Overview
To actively market/sell a fund it is sometimes necessary to engage with the relevant regulator to notify/register a fund in a jurisdiction. Firms therefore often wish to restrict their activities to certain introductory “pre-marketing” activities in order to test the waters and gauge investor interest before committing to incurring the cost and investing the time in the applicable registration/notification. However, whether this is actually permitted is jurisdiction-dependent as differing rules regarding pre-marketing apply depending on the type of fund to be marketed and where.

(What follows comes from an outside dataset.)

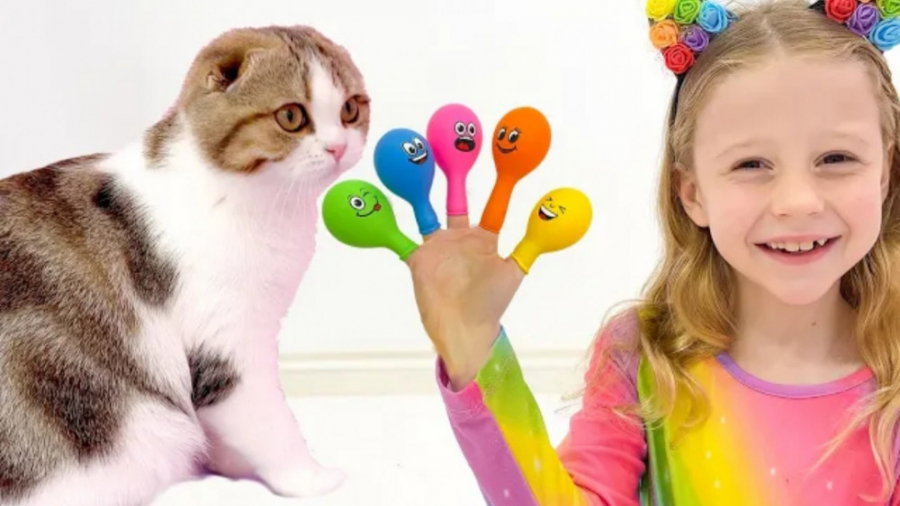 بازی ناستیا با گربه و آموزش رن...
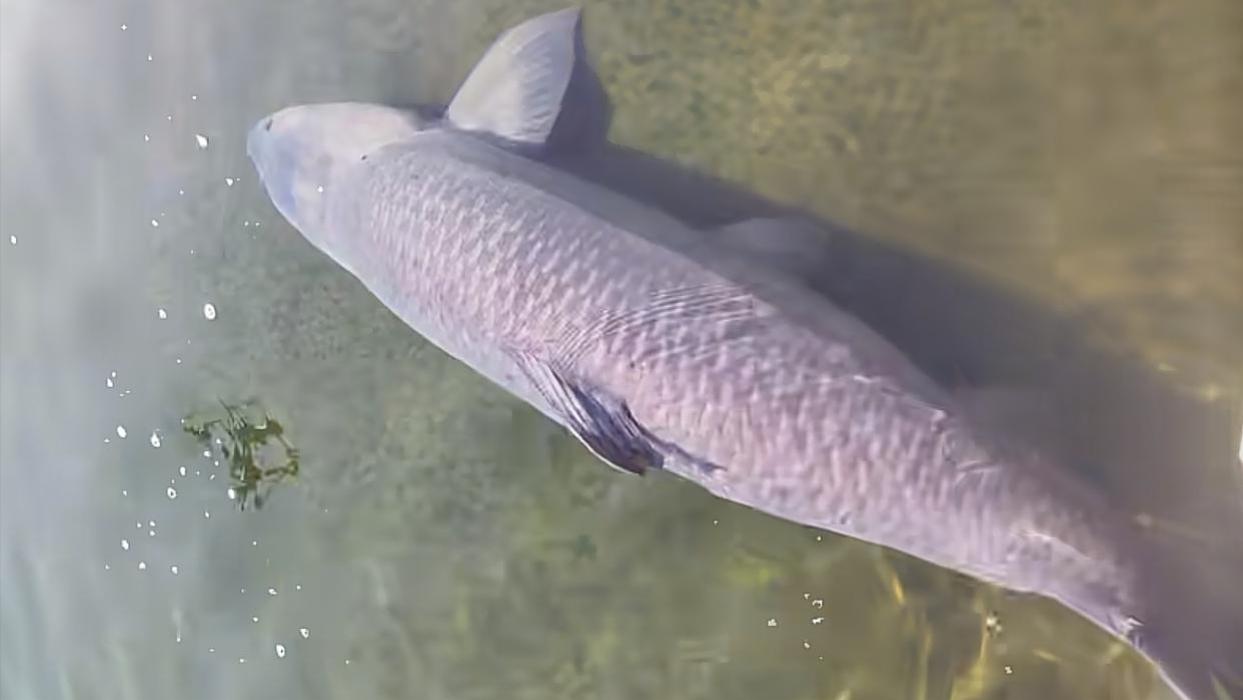 240斤巨青是真是假？南京银杏湖出大青鱼，钓鱼博主：真有这么重愿出30万买下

In the following article, we look at the parameters of pre-marketing a fund in various jurisdictions around the world and highlight some examples of the differing approaches.
1. What is pre-marketing?
Pre-marketing is generally viewed as “soft marketing” or pre-launch marketing activities conducted to assess investor appetite prior to registering or notifying a fund. It is useful, where permitted, as it enables asset managers to “test the waters” and gauge whether there is sufficient investor interest in a particular jurisdiction before proceeding to register/notify the fund and comply with associated regulatory requirements. Such activities are typically distinguishable from general marketing.
The concept of “pre-marketing” is particularly important in an EU/EEA context as all funds (whether AIFs or UCITS) need to be either registered or notified if they are to be marketed/sold on an active basis. Firms are therefore keen to identify if there are certain pre-marketing activities that can be conducted to gauge investor interest prior to committing to the regulator notification/regulation. In 2019, the EU/EEA introduced a harmonised regime for pre-marketing of alternative investment funds setting out when and how it is permitted.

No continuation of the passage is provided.